The Reserve Bank of Zimbabwe had an answer ready for the businesses struggling under one of Africa's tightest credit environments. 

 It created a ZiG1.2 billion targeted finance facility, earmarked specifically for productive sectors struggling to access affordable loans. By mid-April, banks had used less than five cents of every available ZiG dollar.  

As at April 15, 2026, only ZiG56.9 million of the ZiG1.2 billion had been drawn down. At the exchange rate of US$1 to ZiG25.2 prevailing on that date, the untouched portion represents roughly US$45 million in credit that never reached the businesses it was intended to support.  

Reserve Bank of Zimbabwe governor John Mushayavanhu called the drawdown figure "disappointing." It is, in practice, a credit transmission failure with real victims.  

The Bankers Association of Zimbabwe argued the low uptake did not signal a failure by financial institutions, saying the facility was designed as a supplement to existing credit lines and that deployment was governed by actual credit demand and viable applications from productive sectors.  

That explanation deserves scrutiny. It implies the demand for productive-sector credit is simply not there, which directly contradicts what business associations have been saying for months.  

The Zimbabwe National Chamber of Commerce disclosed that lending rates currently range between 40 and 47%, and that the TFF has proven ineffective, reaching less than half its intended beneficiaries.  

Most applicants, particularly SMEs, were rejected for failing to meet stringent creditworthiness criteria. In other words, the facility exists, but the gateway to it is designed for borrowers who do not need it.  

Economist Chenai Mutambasere of the Africa Centre for Economic Justice said the concentration of over 80% of available liquidity in just a few banks means most businesses, particularly SMEs, remain locked out of affordable credit, with the interbank market virtually defunct and liquidity siloed.  

Zimbabwe's banks lend approximately 44 cents for every deposit dollar held, with the remainder sitting in government securities, treasury bills, and liquid assets that generate yield without credit risk.  

The arithmetic explains the behaviour. At a 35% policy rate, Zimbabwe's commercial lending rate reached 46.86 percent in December 2025.  

Parking money in short-term instruments is safer and nearly as profitable as lending to an SME that may default.

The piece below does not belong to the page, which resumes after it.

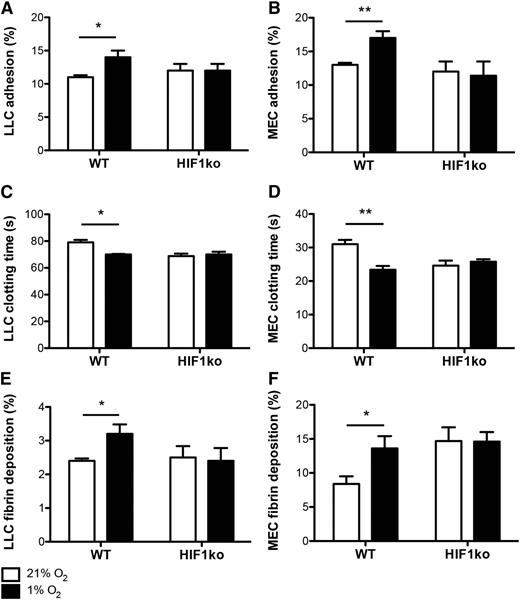 Figure 1. Hypoxia-induced increases in tumor cell coagulability are HIF1-dependent. Wild-type (WT) and HIF1α knockout (HIF1ko) LLCs and MECs were cultured under ambient (21%) and hypoxic (1%) oxygen conditions, after which (A-B) cell adhesion to fibrin, (C-D) cell coagulation times, and (E-F) fibrin deposition were assessed (n = 5 per group). *P < .05 and **P < .01.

Banks are not being irrational. They are being rational in a system that rewards risk aversion.  

The cost is borne downstream. ZimStat's 2023 Economic Census found that 76.1% of all business establishments in Zimbabwe are informal, with the wholesale and retail trade sector alone constituting 73% of all establishments. 

 These are the businesses that cannot produce audited accounts, cannot offer qualifying collateral, and cannot absorb a 47% lending rate. They are also the businesses that employ the majority of working Zimbabweans.  

The TFF was introduced in January 2025, and the RBZ doubled it to ZiG1.2 billion in the February 2026 monetary policy statement, citing its role in "sustaining economic activity in an environment of tight monetary policy."  

The expansion of a facility that was already underutilised raises a harder question than Mushayavanhu's public disappointment answers: if the design of the facility consistently excludes the businesses most in need, what does adding more money to it actually solve?  

The RBZ insists there is no liquidity crisis. For the SME owner whose loan application sits in a bank's rejection file, the distinction between a liquidity crisis and a credit access crisis is academic.